Die Antwort auf Marktradikalismus und soziale Desintegration liegt deshalb in der Stärkung des öffentlichen Sektors und der Demokratisierung der Wirtschaft. Demokratisierung in den Bereichen der öffentlichen Betriebe, der Gemeinden und Kommunen kann zusammengefasst werden unter dem Begriff der »Rekommunalisierung«. Wie es dem Staat finanziell geht, kann man zuerst in den Städten und Gemeinden sehen. Der Zustand von Kindergärten, Schulen, Bibliotheken, Spielplätzen, Parkanlagen, Straßen oder Schwimmbädern hinterlässt einen bleibenden Eindruck von den Finanzproblemen unserer Kommunen.
Die Logik, solide öffentliche Finanzen durch Ausgabenkürzungen erreichen zu wollen, basiert vor allem auf der stillschweigenden Akzeptanz der geschwächten Einnahmebasis des Staates. Denn durch die rigorosen Steuersenkungen zugunsten der Spitzenverdiener, Unternehmen und Vermögensbesitzer in den letzten 12 Jahren wurde diese Einnahmebasis systematisch ausgehöhlt. Die Krise der Staatsfinanzen ist deshalb nicht in erster Linie ein Ausgaben-, sondern ein Einnahmeproblem.
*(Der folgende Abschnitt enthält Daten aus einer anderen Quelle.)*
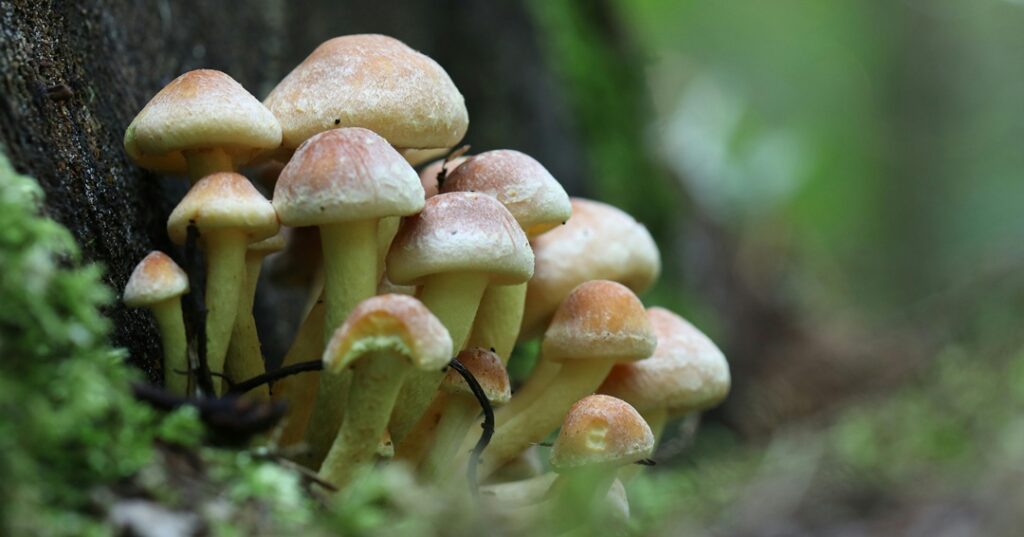 biomateriales sustentables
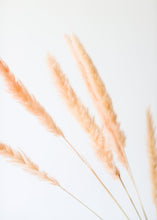 Load image into Gallery viewer, Pack of 6 - Smooth Pink Natural Pampas Grass - 25-29.5"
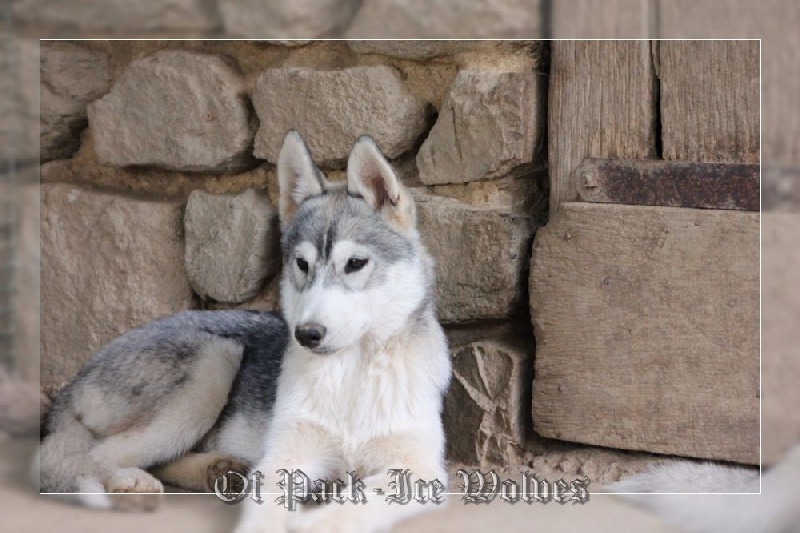 Justice for the queen 'nephilim Of pack-ice wolves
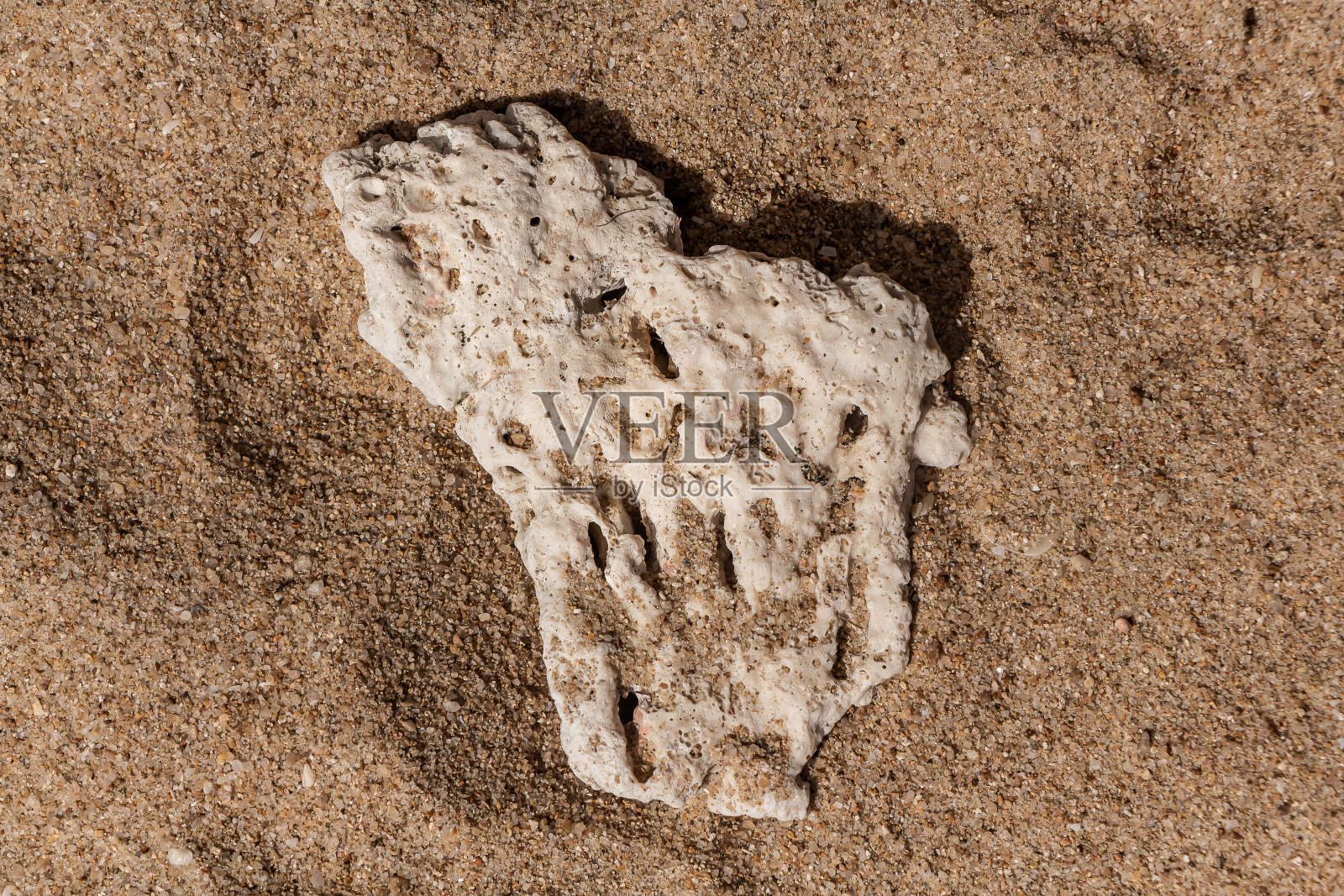 美丽的黄沙水平纹理与波浪和白色珊瑚在照片中照片摄影图片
Nur mit einer deutlichen Verbesserung der Einnahmen lässt sich ein qualitativ hochwertiger öffentlicher Dienst und eine den Anforderungen der Zukunft entsprechende staatliche Infrastruktur sicherstellen.
Der finanzmarktgetriebene Kapitalismus hat die Arbeitswelt verändert: Es entstanden moderne Kommunikationstechnologien, aber auch massiv veränderte Arbeitsbedingungen raus aus den festgefügten fordistischen Arbeitsprozessen mit ihren übersichtlichen, auf lange Dauer angelegten Arbeitsverhältnissen hin zu ständiger Unsicherheit (immer weniger unbefristete Arbeitsverträge, zunehmende projektbezogene Jobs in halb- oder ganz selbständiger Tätigkeit mit immer niedriger werden der Entlohnung vor allem in jenen Feldern mit hohem Anteil digitaler Technik).
Die Auseinandersetzung um die Lebens- und Arbeitsbedingungen der Menschen und die Gegenentwürfe der politischen Linken gegen die Austeritätspolitik der politischen Eliten sind nötiger denn je. Die Forderung nach einem Politikwechsel erhielte so eine eigenständige Kontur, und sie könnte den Bürgerinnen und Bürgern zugleich plausibel machen, warum die DIE LINKE ein unverzichtbares Korrektiv für die Durchsetzung gesellschaftlicher Reformen darstellt.
Dr. Axel Troost ist Mitglied des Parteivorstandes und finanzpolitischer Sprecher der Bundestagsfraktion.